Saucer-eyed kittens who will never be cats,
empty white smiles of sand scoured flat
under Windex blue seas.
No wonder Mammaw’s months
would wear out their welcome in days.
Always turning the pages too early
baring April’s bluebonnets
to February’s milky gaze
running out of time at the end, like us all.

Acer Palmeratum | November

This November morning
my Acer palmeratum had dripped the palest pink
onto the white scab of snow below.
Good blood maple
with your late-lingering leaves
thank you for surprising me
through my gray day window
with this small shock of beauty.

Twenty two years we’ve slept
in our respective beds
back to back.
Who knew
you too
cried at night?

I’m catching up | December

I’m catching up
though I never meant to.
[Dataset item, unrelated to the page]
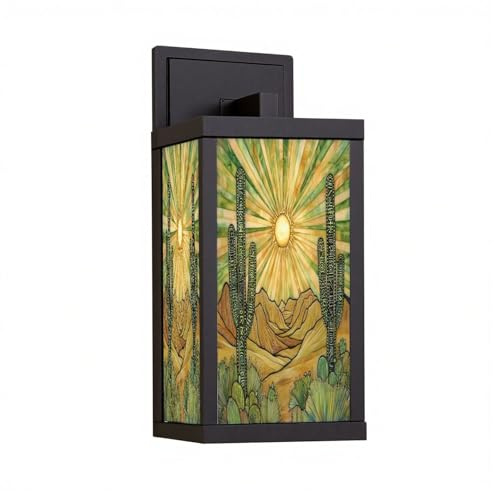 Outdoor Wall Light Fixtures Intricate Tribal Tattoo Style Stained Glass Artwork Exterior Waterproof Wall Sconce Lantern with Acrylic Shades Anti-Rust Lamp for Patio Doorway Garage Southwestern Decor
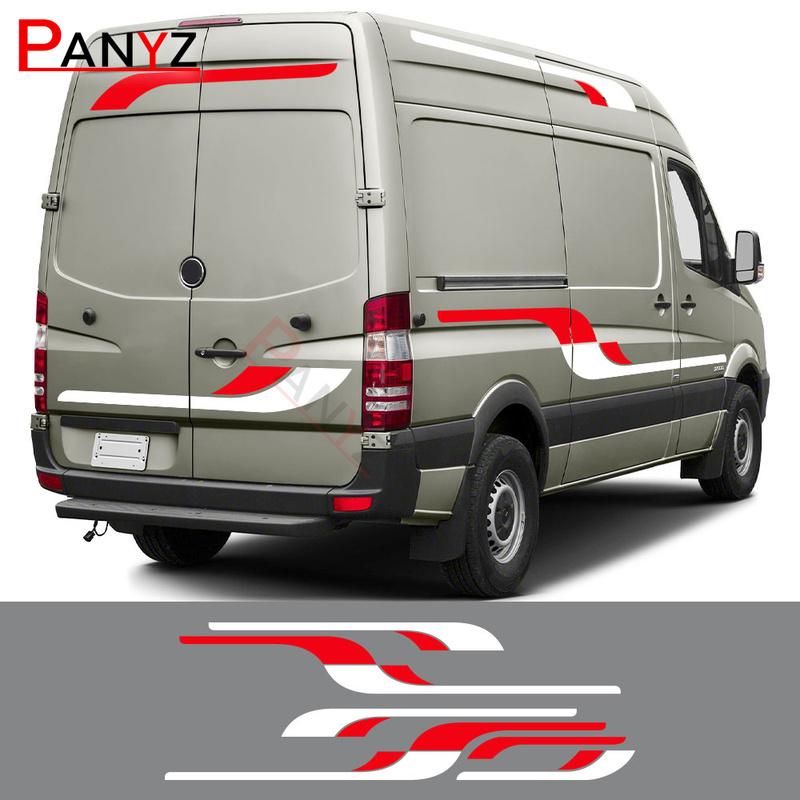 6Pcs/Lot Car Body Stickers Motorhome Stripes DIY Graphics Sport Vinyl Decals For Mercedes Benz Sprinter Decor Accessories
A dozen years always
separated us.
Comfortably enough in recent years
after he’d retired
and we’d learned to dance cumbia
hiked up to the Pioneer Cabin
spent Sundays out back with the Times
and coffee.

Uncomfortably enough
in the years before
that I sometimes thought
of leaving
him behind.

Ha! The joke
as they say
is on me
as his birthday
passed him by yesterday
blank and drear
a day just like
any other.

No King for the Day
no mock catering to his every desire
he’d say he didn’t even know he desired.
Then he’d laugh
and say I was always two steps ahead of him.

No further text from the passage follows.